[Data extract — start]
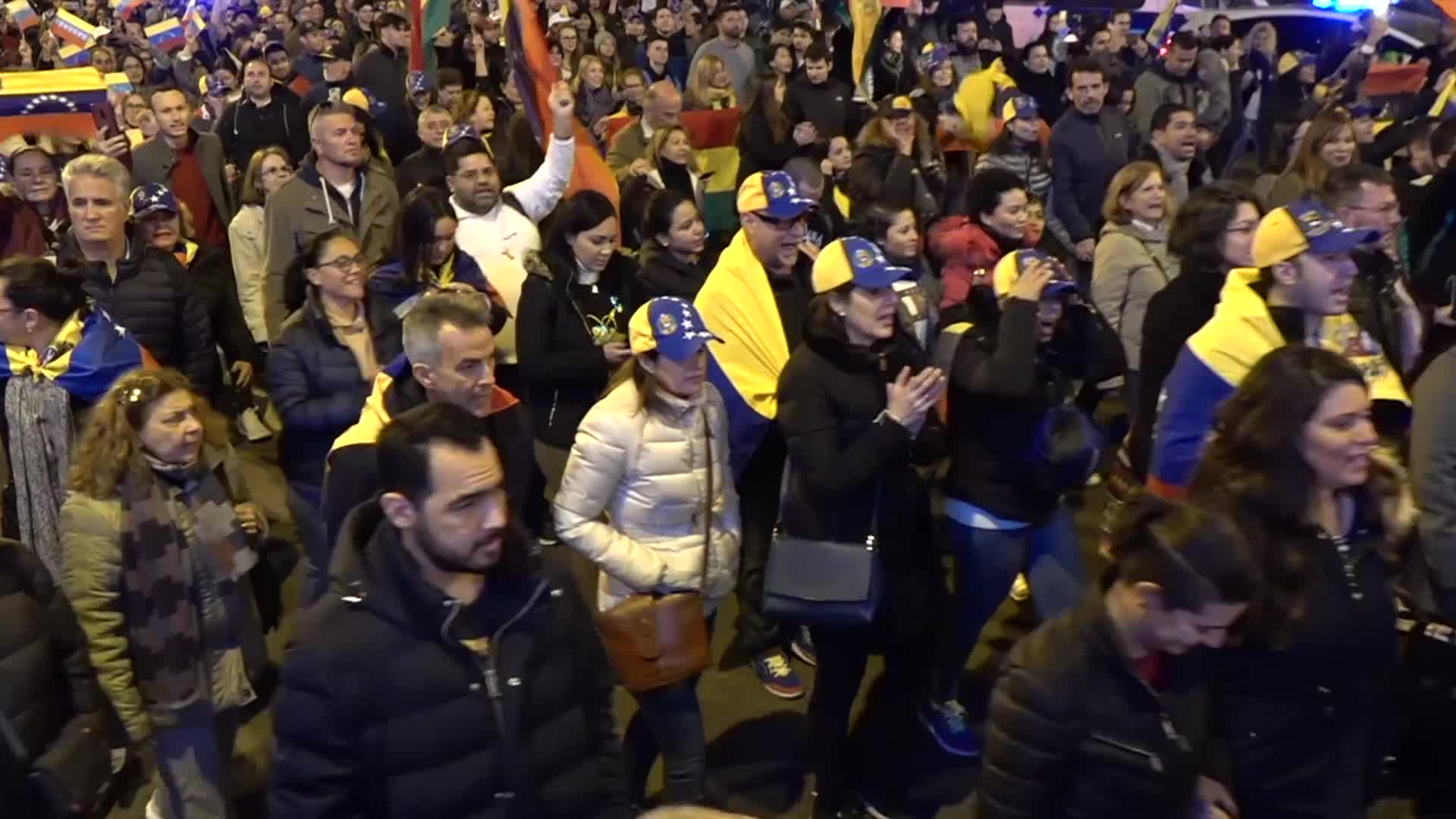 The Venezuelan community protested in Barcelona for the entry of humanitarian aid in their country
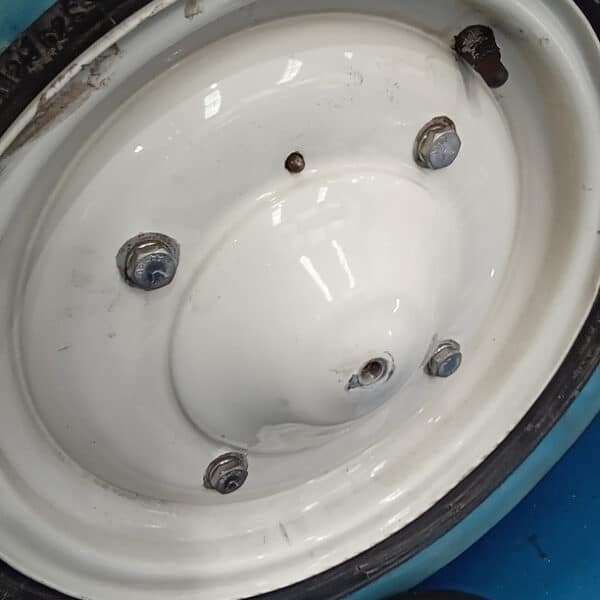 08.04.2025 1963 fiat 500 blue exhaust (30)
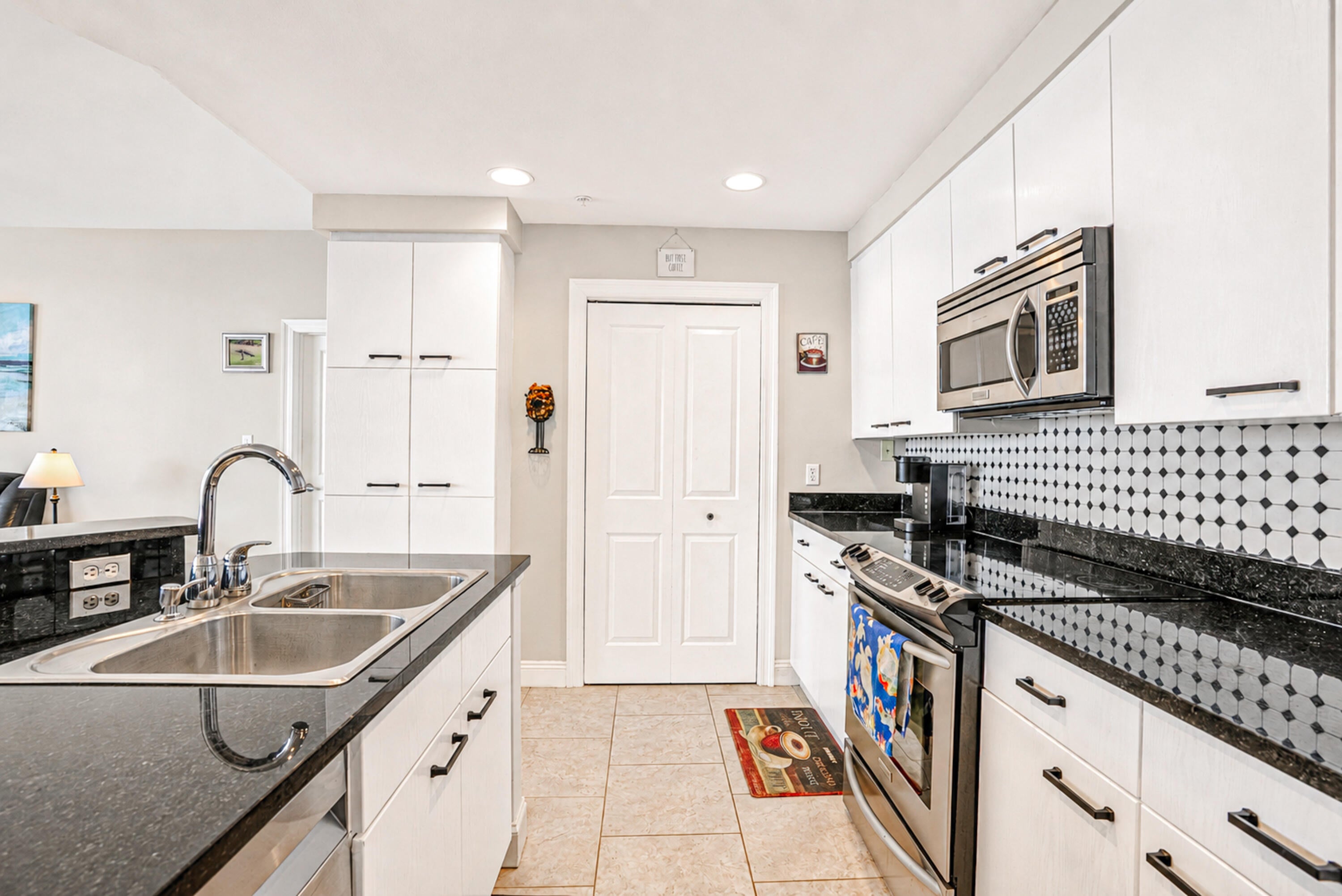 MARINA LANDING - Residential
[Data extract — finish]
Leave the pictures out and print the whole listing precisely.

 The Venezuelan community protested in Barcelona for the entry of humanitarian aid in their country
 08.04.2025 1963 fiat 500 blue exhaust (30)
 MARINA LANDING - Residential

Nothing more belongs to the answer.